The only “simple” ankle pain that can be improved is the inside (or medial) ankle pain that is more pronounced when riding hard. That pain likely will come from a tendon struggling to maintain the inside arch of the foot in a proper alignment (the posterior tibial tendon).  Therefore an arch support, either custom made or off the shelf, will have a beneficial impact on inside ankle pain. It is unlikely that pain like this would turn into a catastrophic outcome.  But if left untreated the tendon may become more and more inflamed to the point where riding and even walking are severely painful.

Share

Ask the TRIA Orthopaedic Surgeon

May 20, 2010

Sometimes it’s inevitable: on a longer ride, or on colder days, our hands can begin to feel tingly or numb. In the case of weather, it might be improperly covered digits, but when the numbness occurs on a more frequent basis, it could be something more. Whether it be bike equipment or your cycling gloves, numbness shouldn’t occur in any way, shape or form when you’re riding your bike.
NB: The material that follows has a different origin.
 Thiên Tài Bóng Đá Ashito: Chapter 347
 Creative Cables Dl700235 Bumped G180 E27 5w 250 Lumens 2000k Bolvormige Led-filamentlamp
In this edition of “Ask the TRIA Orthopaedic Surgeon,” we got our answer from Deb Bohn, MD, an orthopaedic surgeon specializing in elbow, hand & wrist, pediatric upper extremity, and shoulder fractures. Here’s what she had to say about hand numbness during cycling:

Prolonged gripping, or pressure on the palms, can cause numbness in the fingers. This is due to compression of the median nerve, whose job is to give feeling to the thumb, index, long and half of the ring fingers.  As long as the numbness goes away within a few minutes of letting go of the handlebars, these symptoms are merely an annoyance rather than worrisome.

Some strategies for coping with these symptoms include altering the position of your hands on the handlebars, switching the hand that squeezes the brake, letting your arm hang at your side for a few seconds, using a more relaxed grip on the handlebars, keeping your wrists straight rather than bent way back, or wearing gloves that have pads on the outsides of the palm to keep pressure off the center of the palms.

For more information about Dr. Bohn, as well as the other doctors at TRIA, go to their website and look around: http://tria.com/

Share

Ask the TRIA Orthopaedic Surgeon

May 14, 2010

Depending on the stability of our joints, and the ligaments and cartilage enveloping said joints, noises might occur during a variety of exercises. Relatively impact-free, cycling can elicit some clicking or popping in the knee joints when harder efforts (read: gears) are performed, as well as when the knees are fully extended in the pedal stroke when standing up and out of the saddle to climb or bridge a gap. The real question is: should we be worried about that sound or sensation?

For the answer, we asked asked Dr. Fernando Pena, M.D., an orthopaedic surgeon with the TRIA Orthopaedic Center, whose specialties include foot and ankle issues, reconstruction, and sports medicine. Here’s what he thinks about the uncommon sounds and feelings of harder efforts or climbing out of the saddle:

For the most part, clicks, clonks and pops of any joint, as long as they are pain free, should not be a reason for concern. If the noises are associated with some pain or locking, then you should be evaluated by a physician or physical therapist. When it comes to the knee, you could have a torn meniscus (internal cartilage of the joint) that is getting caught or pinched when you bend the knee.  The definitive solution/answer to a problem like this would be to have an arthroscopic (small incisions and looking inside the joint with a little camera and instruments) intervention of the knee.

The only painful noises not to be concerned about are the ones coming from the front of the knee under the kneecap. Cycling, by design, is one of the healthiest sports for the knee cap joint. Appropriate seat height adjustment is critical to help eliminate knee noises and mild discomfort of the front of the knee.